What does this controller mean if real? It means Sony once again tried to respond to its direct competitors, rather than innovate and grow in a direction that best represents the Playstation brand.

The improvements from the PS1 to PS2 represent the leap in graphical technology. The jump from the PS2 to PS3 represents the jump into the HD era. With every new console, people could easily notice the drastic improvements between them. With the improvements in graphical technology coming more from the technical side of things, no one (unless informed on the subject) will notice the higher frame rates, smoother performance and small details that the new consoles will provide.

Looking back at the PS3 launch, Sony does not want to present itself as the most expensive console of the market. So in order to deliver areasonably priced console, the overall graphical performance will suffer. Noticeable improvements will come from development studios that, once they become comfortable with the hardware, will learn to best optimize their game engines around existing consoles.

So in order to excite players with something more noticeable than 60 frames per second, a controller redesign remains the obvious choice. Many people find no issue with the current design; neither do I. While I appreciate traditional means of control, I do want innovation. The Wii U controller and its large capacitive touch screen seemed unnecessary at first. Games like New Super Mario Bros. U failed to show the need for the touch screen, but ZombiU’s inventory management, map display and weapon selection, helped me to understand the vision Nintendo tried to explain.

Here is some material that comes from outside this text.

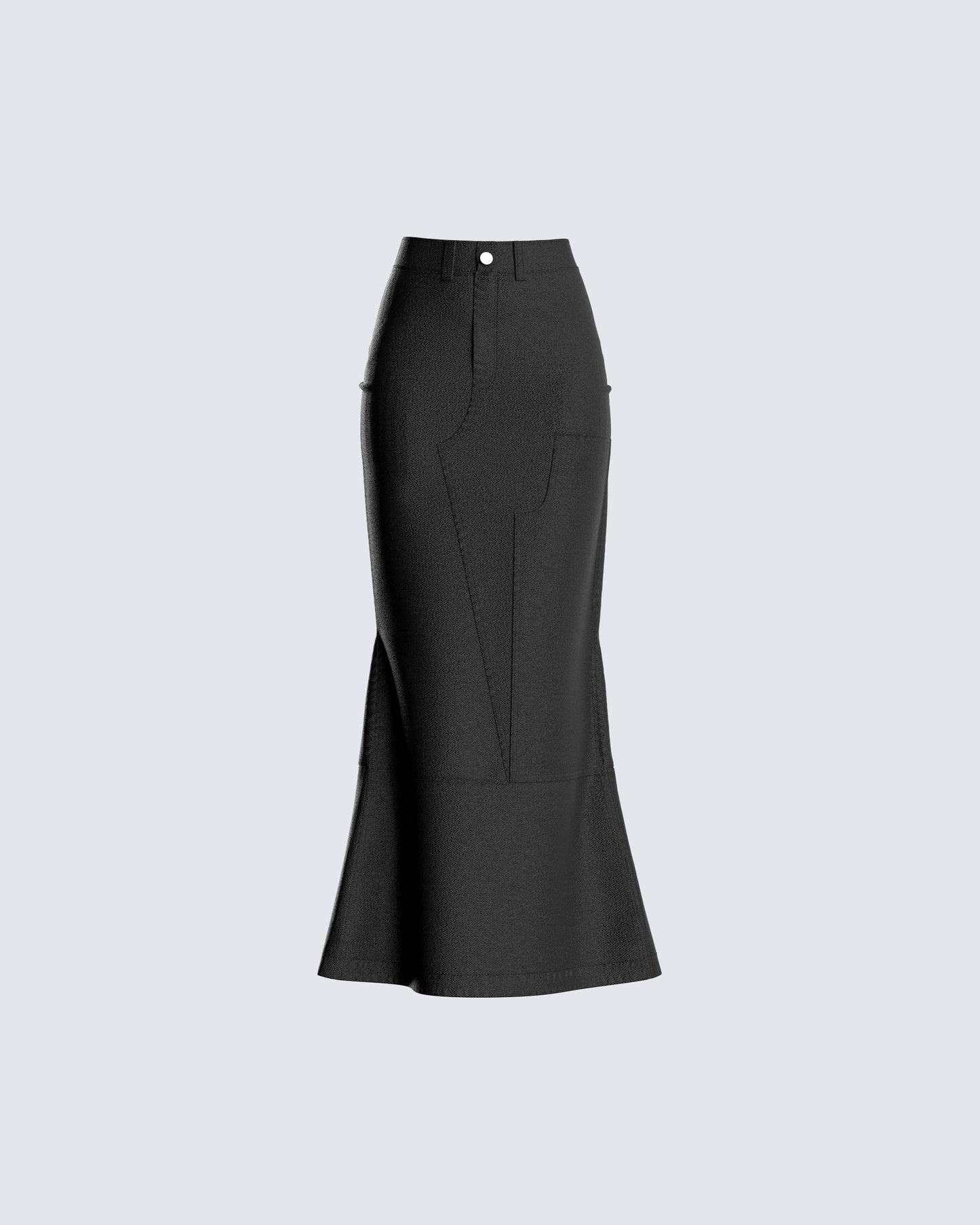 Martha Black Twill Maxi Skirt 3d product front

Some things however, don’t need proving. The PlayStation Move’s failure exists as discernable evidence of the undesirability of motion controlled games. Like the rear touch surface and touch screen of the Vita, these unwanted additions to the new Playstation controllers will drive up the cost of production, then driving up the price when sold in retail stores.

I don’t think many people will object to innovation, but I’d rather see Sony put the money into services like PlayStation Plus and offer new incentives for the subscription. Why not innovate in the software and the services the new PlayStation can provide? Instead of introducing gimmicky additions, improved multiplayer interface and media functions would ensure useful, and appreciated, features of the console. To avoid the inevitable dropping of features like Nintendo with the 3D effect on the 3DS, Sony should avoid gimmicks and develop towards things that people constantly ask for.

Wednesday’s Sony event, while exciting to see, forces me to temper my expectations. With the Vita, PSP Go and PlayStation Move, Sony again and again showed that they didn’t learn anything from their previous failures. I don’t expect the next Playstation to drastically change the way people play games, yet I at least expect them to focus on what they know best; making video games.